Helping Hands is a local social enterprise project which aims to help Yangon’s street kids and the unemployed by giving them skills and employment in restoring furniture.
The project started in 2009 with just a few people and now it has grown to involve fifty workers, each with their own different background and story.
“I was encouraged to come here by my elder brother when I was 13 years old,” said Myat Kyaw, a nineteen year old who works at Helping Hands.
He added that, “I was just a kid at that time and I came here because it was fun. Sometimes I played with other kids from [Helping Hands] and sometimes we worked together.
I usually came here only at the weekends and summer holidays.”
Sometimes, there are English language classes by foreign volunteers.
“It’s so much fun and I get money even though I don’t need to work much. Sometimes, me and my friends from work go to the zoo or cinema too,” he said.
Myat Kyaw originally quit school because his parents couldn’t afford to send him due to problems with their family business.
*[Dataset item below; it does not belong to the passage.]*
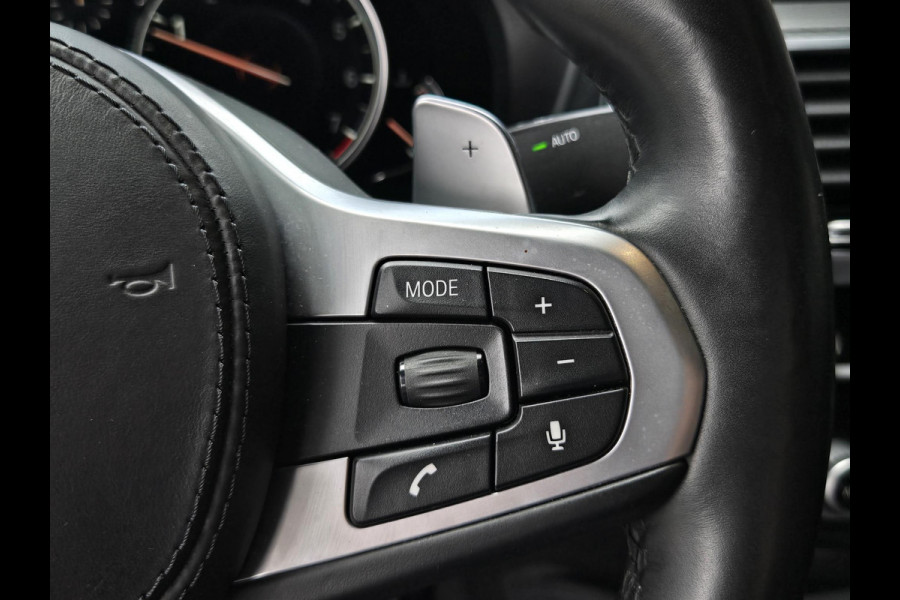 BMW X4 xDrive30i M SPORT | 360 CAMERA | PANORAMA | STOELVERWARMING |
Then he found focus with the Helping Hands project.
“We have different teams such as polish and painting teams and carpenters.
I started out polishing the furniture,” he said.
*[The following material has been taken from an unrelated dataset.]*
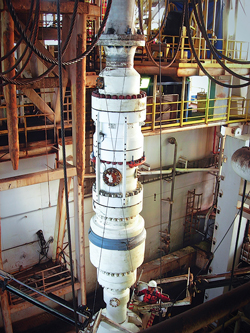 WO1213-Slaton-Rig-Advances-Fig-19.jpg WO1213-Slaton-Rig-Advances-Fig-19.jpg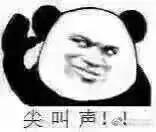 手把手教你清洗化妆刷,手把手教你刷睫毛化妆上热门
Later he was promoted to the painting team but it wasn’t easy – it was difficult to stand the smell so he moved back to the polishing team.
Myat Kyaw has big plans for his future. He is hoping to become a good mechanic at a car workshop because he is interested in learning everything about cars and eventually wants to drive his own car.
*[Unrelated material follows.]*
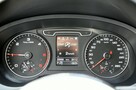 Audi Q3 2,0TDi 177KM Quattro/Skóra/LED/Xenon/PDC/Panorama/Serwis/LaneAssist - 13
“My brother was working like me at Helping Hands when he got a good connection and now he’s working in a good job at a German car workshop here in Yangon. So I am also hoping to reach a next new level for my life through this work,” Myat Kyaw said.
“This project is really good and it guides me to have a future dream. It gives me work experience, friends and English skills.”
U Ba Thaw, the Project Manager at Helping Hands agrees with Myat Kyaw. He has also been working there for about ten years.
“Actually, I was a driver before and then became interested in this project. My boss likes me to work for Helping Hands because I can manage sales very well,” he said.
His duty focuses on furniture sales and he is happy in his work and gets satisfaction from his job.
“There are no major difficulties or problems working with street kids. We just need to have patience and be polite with them. That’s all,” he added.
Every Saturday, Helping Hands has an open day at their workshop on Ngar Htat Gyi Pagoda Road when they sell their products to customers. Both local and foreigners are interested in their pieces of furniture.
“We need to make money every week because we have to pay workers fees every week. We also serve them daily food, so we need money for that too,” he said.
The project gets old and unused furniture from all over Myanmar through their supplier. The team then works on the furniture to recondition it and restore its original beauty. Furniture available includes chairs, desks, tables, traditional Myanmar chests, cabinets and other furniture for the living room and everywhere in the house.
To buy a piece of furniture, you need to go to the showroom and discuss with the sales team. After negotiating the price they will write your name on the items that you bought. Customers need to pay an advance payment and helping Hands will deliver the furniture within three or four weeks.
Helping Hands is located in the compound of the home of the project founder who is no longer involved in the project although she still allows them to operate from her garden. It is located on Ngar Htet Gyi Pagoda Road in Bahan Township.